Les confessions de Renaud

Les confessions de Renaud

PHOTO COURTOISIE
Comme un enfant perdu Renaud Séchan Éditions XO

Cette fois-ci, c’est Renaud lui-même qui se raconte et ses confessions sont tout à fait troublantes. On y apprend sans doute peu de choses «croustillantes», tant la vie de ce chanteur qui se définit comme anarchiste a été comme un grand livre ­ouvert. Mais aucune trace de L’Éléouet, aucune mention de la ­biographie qu’il a écrite, pourtant sympathique et grandeur ­nature.

Tout comme Obélix tombé dans la potion magique dès sa naissance, Renaud tombera dans un bain de politique dès son plus jeune âge (un peu plus tard, ce sera dans un bol de Ricard!). Avec des grands-parents communistes, un père écrivain qui prend le parti de l’indépendance de l’Algérie, une mère de gauche qui n’hésite pas à descendre dans la rue pour manifester, son destin était tout tracé. S’il adhère aux idées de gauche, par mimétisme au début, puis par conviction sincère, il ne négligera pas pour autant la chasse aux filles, les deux allant de pair, manifestement.

Dans cet ouvrage où chaque mot est pesé et soupesé, Renaud s’attarde à décrire sa famille, côté mère et côté père, tant les deux ont joué un rôle important dans sa formation politique et sociale. Il gardera toujours un fort sentiment de culpabilité envers son père. Parce qu’il n’a pas suivi le modèle qu’il lui avait tracé. Parce qu’il n’a pas fréquenté l’école pendant longtemps, contrairement à ses frères et sœurs. Parce qu’il a réussi, qu’il est devenu très riche, malgré ses échecs scolaires. Parce que son père a toujours refusé de reconnaître le succès de son fils et d’accepter les cadeaux que voulait lui faire ce fils rebelle. Mais de son court passage au lycée, il retiendra «la nécessité de s’engager contre l’indifférence, contre la faim, contre les guerres, contre la bombe, contre les dictatures de par le monde, pour sauver ce qui peut encore l’être». Il fêtera ses 16 ans, «le 11 mai 1968, sur une barricade de la rue Gay-Lussac». C’est ­pendant ce grand mouvement de révolte qu’il composera, paroles et musique, sa première chanson, Crève, salope!, reprise par tous les lycéens en colè­re.

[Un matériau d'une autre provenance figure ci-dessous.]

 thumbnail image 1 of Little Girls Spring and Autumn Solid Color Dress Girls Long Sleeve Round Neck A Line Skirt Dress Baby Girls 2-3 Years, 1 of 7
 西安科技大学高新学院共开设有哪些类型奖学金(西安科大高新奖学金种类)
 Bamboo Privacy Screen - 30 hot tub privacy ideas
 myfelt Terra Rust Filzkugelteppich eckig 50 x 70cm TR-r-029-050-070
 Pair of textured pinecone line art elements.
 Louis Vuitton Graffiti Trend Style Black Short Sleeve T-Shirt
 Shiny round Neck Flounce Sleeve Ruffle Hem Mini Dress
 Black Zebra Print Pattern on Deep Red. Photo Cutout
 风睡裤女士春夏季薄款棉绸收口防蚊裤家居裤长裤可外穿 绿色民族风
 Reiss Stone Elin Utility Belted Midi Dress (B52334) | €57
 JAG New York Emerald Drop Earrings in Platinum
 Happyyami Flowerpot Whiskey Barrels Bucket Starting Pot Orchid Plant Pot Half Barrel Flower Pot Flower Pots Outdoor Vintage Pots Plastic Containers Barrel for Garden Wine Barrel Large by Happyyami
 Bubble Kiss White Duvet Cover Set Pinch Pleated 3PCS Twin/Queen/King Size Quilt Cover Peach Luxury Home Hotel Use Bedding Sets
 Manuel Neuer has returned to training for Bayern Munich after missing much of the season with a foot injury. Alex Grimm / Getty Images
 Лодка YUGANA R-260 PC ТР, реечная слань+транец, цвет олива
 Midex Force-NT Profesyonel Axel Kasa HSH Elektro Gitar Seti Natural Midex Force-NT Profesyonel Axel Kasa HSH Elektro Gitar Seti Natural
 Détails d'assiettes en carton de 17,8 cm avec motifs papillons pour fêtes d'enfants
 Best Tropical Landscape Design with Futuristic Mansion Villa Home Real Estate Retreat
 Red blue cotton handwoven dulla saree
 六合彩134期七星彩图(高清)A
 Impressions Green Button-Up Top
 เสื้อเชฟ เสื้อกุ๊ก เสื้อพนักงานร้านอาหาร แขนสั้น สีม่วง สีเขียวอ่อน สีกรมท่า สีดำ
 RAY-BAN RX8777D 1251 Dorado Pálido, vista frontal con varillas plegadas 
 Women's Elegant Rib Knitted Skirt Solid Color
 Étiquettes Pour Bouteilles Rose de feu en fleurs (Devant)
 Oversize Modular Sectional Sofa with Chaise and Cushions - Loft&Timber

Récit d’un succès inattendu

Renaud nous raconte tous ses succès, chiffres à l’appui, ce qui est un petit peu lassant à la longue. On retient bien évidemment qu’il a vendu des millions de disques et chanté devant autant de personnes. On a droit à des extraits d’une soixantaine de ses chansons les plus populaires, dont Mistral gagnant, consacrée «plus grande chanson de la francophonie».

Renaud sera toujours gêné de son succès et de l’énorme compte en banque qui est venu avec, lui, «le fils raté». «Je me refuse à endosser la parure éblouissante de l’artiste reconnu, de la “star”, comme disent les médias.» Pour se faire pardonner d’être si fortuné, il a multiplié les dons aux organismes sociaux tout en se faisant un devoir de payer ses impôts, en déclarant même plus qu’il n’en faut «de crainte d’être associé à un ­fraudeur».

Il n’a que 54 ans et déjà la Poste française édite un ­timbre à son effigie, il entre dans le Petit Larousse, reçoit le trophée des «Nuits de la presse» pour l’ensemble de son œuvre, une maison d’édition publie tous ses manuscrits (chansons, ­lettres personnelles, premiers poèmes, dessins, etc.) Et trois ­biographies sortent en librairie.

Mais le plus ahurissant dans cette histoire, c’est certainement sa paranoïa développée à l’égard de communistes de l’époque soviéti­que et des communistes cubains. Son délire éthylique lui fait voir des espions partout, qui le suivent à la trace et écoutent ses conversations, même à l’ambassade de France à La Havane, même chez lui à Paris. Une véritable obsession, difficilement explicable, «les communistes me veulent du mal, ils veulent ma mort, sans que je sache ce que j’ai commis pour mériter ce châtiment», sinon qu’il se prend pour le Christ, comme il l’a avoué à un psychiatre.

Bref, une autobiographie remplie de surprises et de beaux moments.